This tutorial is based on sklearn's official tutorial [Working With Text Data](https://scikit-learn.org/stable/tutorial/text_analytics/working_with_text_data.html#bags-of-words).

# Loading the 20 newsgroups dataset
The dataset is called “Twenty Newsgroups”. Here is the official description, quoted from the [website](http://people.csail.mit.edu/jrennie/20Newsgroups/):

The 20 Newsgroups data set is a collection of approximately 20,000 newsgroup documents, partitioned (nearly) evenly across 20 different newsgroups. To the best of our knowledge, it was originally collected by Ken Lang, probably for his paper “Newsweeder: Learning to filter netnews,” though he does not explicitly mention this collection. The 20 newsgroups collection has become a popular data set for experiments in text applications of machine learning techniques, such as text classification and text clustering.

In the following we will use the built-in dataset loader for 20 newsgroups from scikit-learn.

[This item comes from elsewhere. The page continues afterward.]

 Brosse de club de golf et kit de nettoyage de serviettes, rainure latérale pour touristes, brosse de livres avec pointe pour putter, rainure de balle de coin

Alternatively, it is possible to download the dataset manually from the website and use the [sklearn.datasets.load_files](https://scikit-learn.org/stable/modules/generated/sklearn.datasets.load_files.html#sklearn.datasets.load_files) function by pointing it to the 20news-bydate-train sub-folder of the uncompressed archive folder.

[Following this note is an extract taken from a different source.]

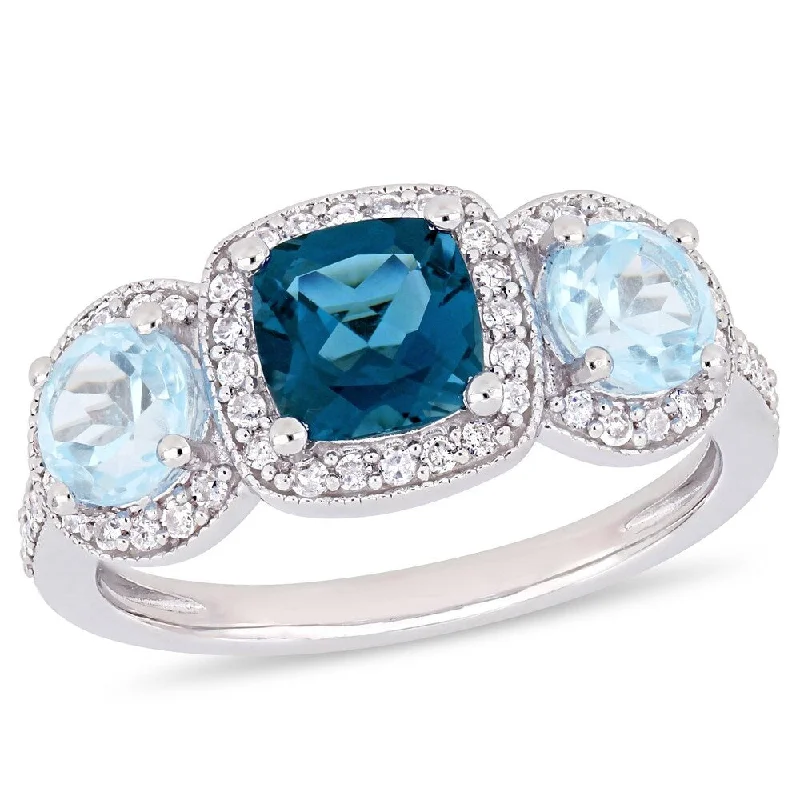 gemstone rings for women -Miadora Sterling Silver London and Sky-Blue Topaz with 1/3ct TDW Diamond 3-Stone Ring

In order to get faster execution times for this first example we will work on a partial dataset with only 4 categories out of the 20 available in the dataset:

In [51]:
categories = ['alt.atheism', 'soc.religion.christian', 'comp.graphics', 'sci.med']

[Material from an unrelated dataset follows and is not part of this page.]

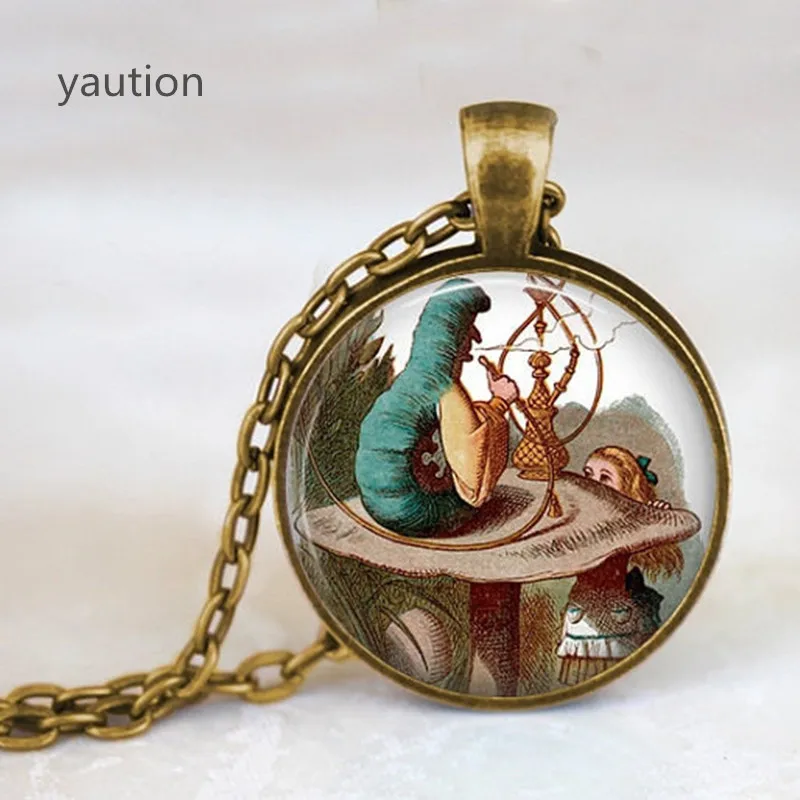 

Handcrafted Fine Jewelry,Alice in Wonderland Jewelry,Photo Caterpillar with a Hookah and Alice Glass Pendant Necklace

from sklearn.datasets import fetch_20newsgroups
twenty_train = fetch_20newsgroups(subset='train', categories=categories, shuffle=True, random_state=42)
twenty_test = fetch_20newsgroups(subset='test', categories=categories, shuffle=True, random_state=42)

The returned dataset is a scikit-learn “bunch”: a simple holder object with fields that can be both accessed as python dict keys or object attributes for convenience, for instance the target_names holds the list of the requested category names:

In [8]:
twenty_train.keys()

dict_keys(['data', 'filenames', 'target_names', 'target', 'DESCR'])

Mappings between target_names and integer label

In [33]:
for i, x in enumerate(twenty_train.target_names):
    print(f'{x:25} {i:5}')

alt.atheism                   0
comp.graphics                 1
sci.med                       2
soc.religion.christian        3


### Let’s print the first loaded file:

In [34]:
print('\n'.join(twenty_train['data'][0].split('\n')))
print(twenty_train.target_names[twenty_train.target[0]], twenty_train.target[0])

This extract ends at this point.